A good friend of mine recently told me that when she feels sad, she feels really stuck. Every aspect of her life feels absolutely lousy: failed relationships, dwindling finances, unsatisfying employment. At those times, the whole ball of wax that is her life is one big, sticky, yucky mess. And the worst part of it is that—when she feels this way—it seems as though that general yuckishness is simply her natural state of being. In those moments, she is pretty much convinced that life is going to feel that way forever.
Then, she gets some sleep, dreams a little dream, wakes up, takes a shower, goes for a nice bike ride, has coffee and a sweet roll down by the lake, listens to something on the radio that makes her laugh. The next thing she knows, she feels good again. She remembers that she has many things for which to be grateful. Then, she feels even happier. Suddenly, time’s pretty ponies speed up. The race is on. Just like the wind, time again flies.

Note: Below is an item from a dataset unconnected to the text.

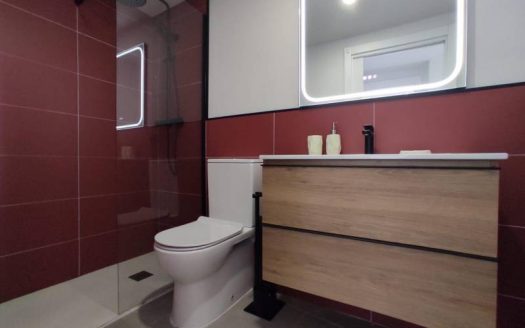 Apartament na 8 piętrze z panoramicznym widokiem na góry i morze i basenem na dachu w pobliżu Walencji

I think about time all the time. I am always trying to jam more things into it. I am always trying to do “one more thing.” As all my friends and relations will tell you, this habit of mine makes me invariably late for things. Furthermore, I do way too much multi-tasking on any given day. On a typical evening when I get home from work, you might find me folding laundry, paying bills, eating dinner, answering emails, checking Facebook, and writing a paper for school all at the same time.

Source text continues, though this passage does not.